During May, we celebrated a number of birthdays, for which I made cakes: our friend, Susan, for whom I made a Texas Sheet Cake; our neighbor Gary, a Chocolate Medallion Cake; and our niece, Haley, who requested a Cinnabon-type cake. I made two batches of my potato-dough cinnamon buns, baked them in layer cake pans, and frosted them with cream cheese icing. As the peaches from our tree became ripe, we harvested them and I made peach jam with the not so beautiful ones. As of this writing, sadly, the last of the fresh ones have been eaten and we will have to wait for next year’s crop to enjoy them again. Izzy perched precariously on the top rung of the ladder to prevent her Saba from climbing to reach the highest ones on the tree. During May, we were able to purchase beautiful mangoes for 39¢ apiece, so while I was canning peaches, I also made mango jam with the surfeit of mangoes I had purchased. I also love the half-price rack at Lowe’s and bought a bush of my favorite flowers—gardenias. My love dates back to the time of Jessica’s birth when friends who were visiting at the time (Ed and Rose St. Onge) bought me a gardenia tree to celebrate her birth. I used to sit next to it, inhaling its fragrance while I was nursing my daughter.

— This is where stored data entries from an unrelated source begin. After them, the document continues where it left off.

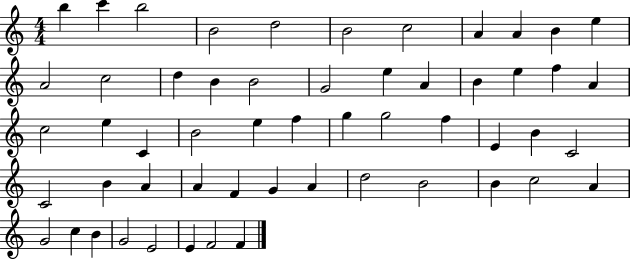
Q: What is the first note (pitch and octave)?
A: B5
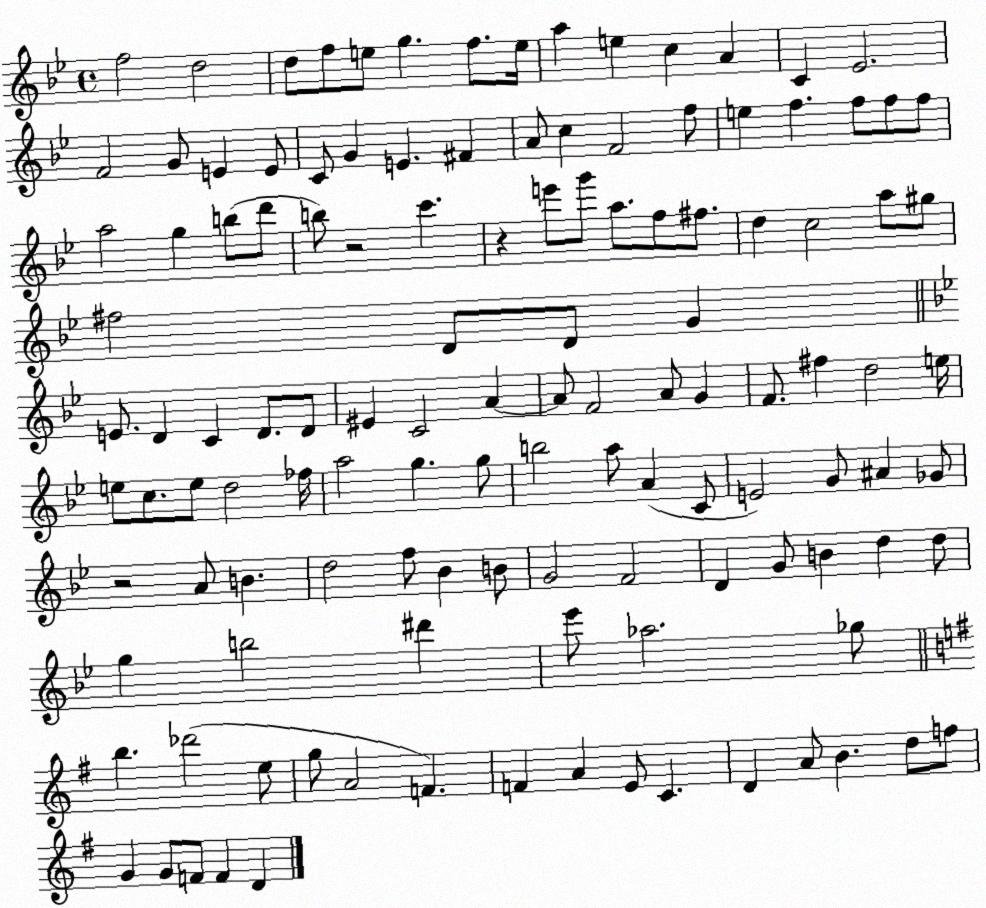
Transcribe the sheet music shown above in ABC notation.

X:1
T:Untitled
M:4/4
L:1/4
K:Bb
f2 d2 d/2 f/2 e/2 g f/2 e/4 a e c A C _E2 F2 G/2 E E/2 C/2 G E ^F A/2 c F2 f/2 e f f/2 f/2 f/2 a2 g b/2 d'/2 b/2 z2 c' z e'/2 g'/2 a/2 f/2 ^f/2 d c2 a/2 ^g/2 ^f2 D/2 D/2 G E/2 D C D/2 D/2 ^E C2 A A/2 F2 A/2 G F/2 ^f d2 e/4 e/2 c/2 e/2 d2 _f/4 a2 g g/2 b2 a/2 A C/2 E2 G/2 ^A _G/2 z2 A/2 B d2 f/2 _B B/2 G2 F2 D G/2 B d d/2 g b2 ^d' _e'/2 _a2 _g/2 b _d'2 e/2 g/2 A2 F F A E/2 C D A/2 B d/2 f/2 G G/2 F/2 F D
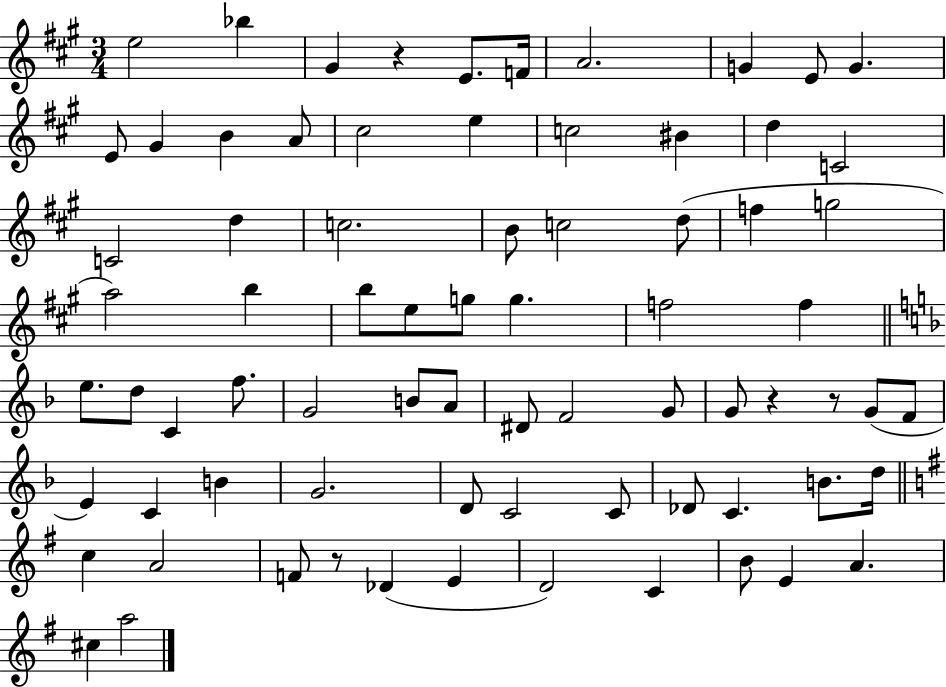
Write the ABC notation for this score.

X:1
T:Untitled
M:3/4
L:1/4
K:A
e2 _b ^G z E/2 F/4 A2 G E/2 G E/2 ^G B A/2 ^c2 e c2 ^B d C2 C2 d c2 B/2 c2 d/2 f g2 a2 b b/2 e/2 g/2 g f2 f e/2 d/2 C f/2 G2 B/2 A/2 ^D/2 F2 G/2 G/2 z z/2 G/2 F/2 E C B G2 D/2 C2 C/2 _D/2 C B/2 d/4 c A2 F/2 z/2 _D E D2 C B/2 E A ^c a2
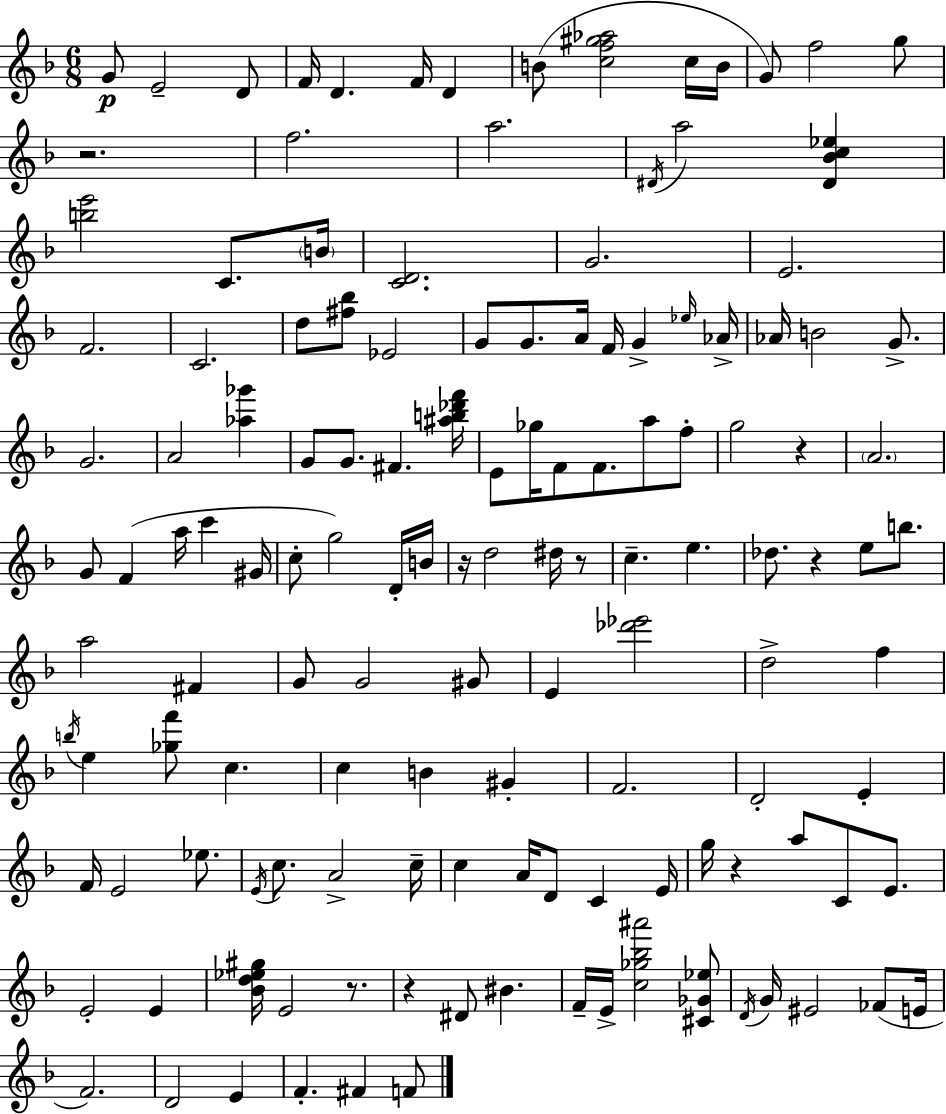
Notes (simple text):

G4/e E4/h D4/e F4/s D4/q. F4/s D4/q B4/e [C5,F5,G#5,Ab5]/h C5/s B4/s G4/e F5/h G5/e R/h. F5/h. A5/h. D#4/s A5/h [D#4,Bb4,C5,Eb5]/q [B5,E6]/h C4/e. B4/s [C4,D4]/h. G4/h. E4/h. F4/h. C4/h. D5/e [F#5,Bb5]/e Eb4/h G4/e G4/e. A4/s F4/s G4/q Eb5/s Ab4/s Ab4/s B4/h G4/e. G4/h. A4/h [Ab5,Gb6]/q G4/e G4/e. F#4/q. [A#5,B5,Db6,F6]/s E4/e Gb5/s F4/e F4/e. A5/e F5/e G5/h R/q A4/h. G4/e F4/q A5/s C6/q G#4/s C5/e G5/h D4/s B4/s R/s D5/h D#5/s R/e C5/q. E5/q. Db5/e. R/q E5/e B5/e. A5/h F#4/q G4/e G4/h G#4/e E4/q [Db6,Eb6]/h D5/h F5/q B5/s E5/q [Gb5,F6]/e C5/q. C5/q B4/q G#4/q F4/h. D4/h E4/q F4/s E4/h Eb5/e. E4/s C5/e. A4/h C5/s C5/q A4/s D4/e C4/q E4/s G5/s R/q A5/e C4/e E4/e. E4/h E4/q [Bb4,D5,Eb5,G#5]/s E4/h R/e. R/q D#4/e BIS4/q. F4/s E4/s [C5,Gb5,Bb5,A#6]/h [C#4,Gb4,Eb5]/e D4/s G4/s EIS4/h FES4/e E4/s F4/h. D4/h E4/q F4/q. F#4/q F4/e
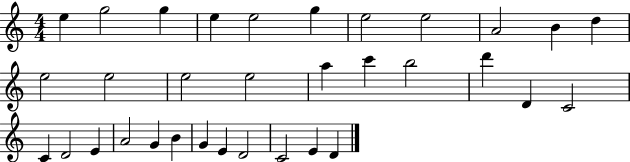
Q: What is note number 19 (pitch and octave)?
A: D6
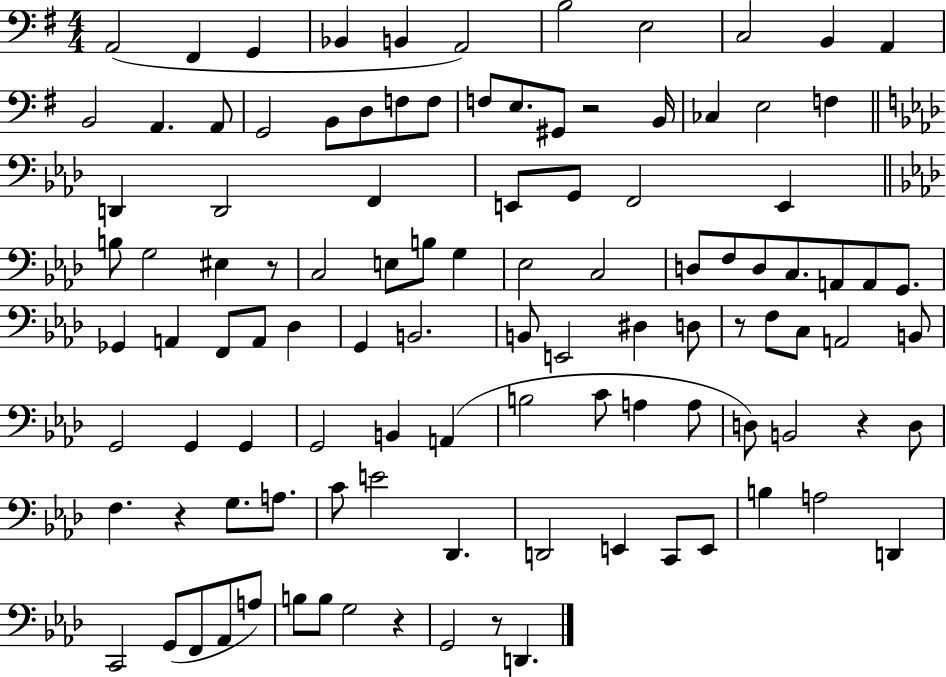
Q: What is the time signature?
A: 4/4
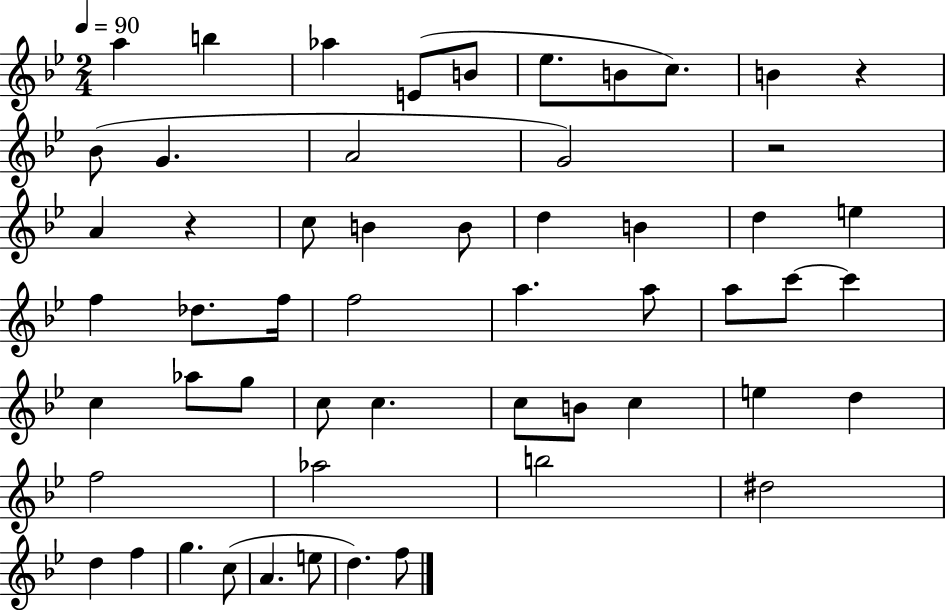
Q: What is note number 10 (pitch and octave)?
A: Bb4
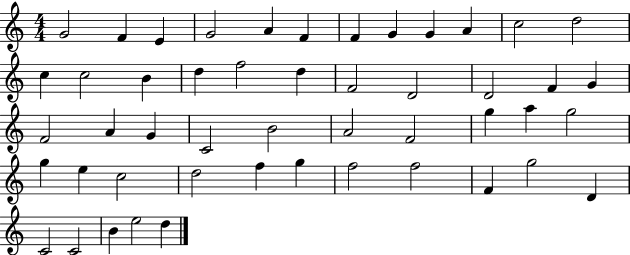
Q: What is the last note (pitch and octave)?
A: D5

Saul’s cousin, Adi, whose wedding we had attended with his sister in Israel back in October 2019, gave birth to a beautiful little boy. Sadly, Adi’s mother, Sylvia, died at the beginning of the pandemic and never got to see her beautiful little grandson.
One of the small number of benefits of the pandemic was getting to attend my regular Thursday morning Bible study classes on Zoom. Up until I moved to Florida, I had attended regularly for almost 20 years. Our final Zoom class of this school year ended about three weeks ago and we all got a screen shot of the attendees.
Since the C.D.C. lifted the mask requirements for being outdoors, we took the girls for our first dinner at a restaurant together in over a year. We got an outdoor table at “Ford’s Garage” in Margaritaville and had a lovely evening.
In the last few days, Saul and I have resumed our walks in the Disney Parks when we can get reservations. We were pleased to discover that The Grand Floridian Hotel has a newly-paved and refurbished walkway to the Magic Kingdom. We had a pleasant vegan lunch outdoors at the Gasparilla Island Grill, which is now entirely different due to the pandemic, before embarking on our newly discovered route to the Magic Kingdom. Like Disney, we are now tasked with “Re-Imagining the Future.”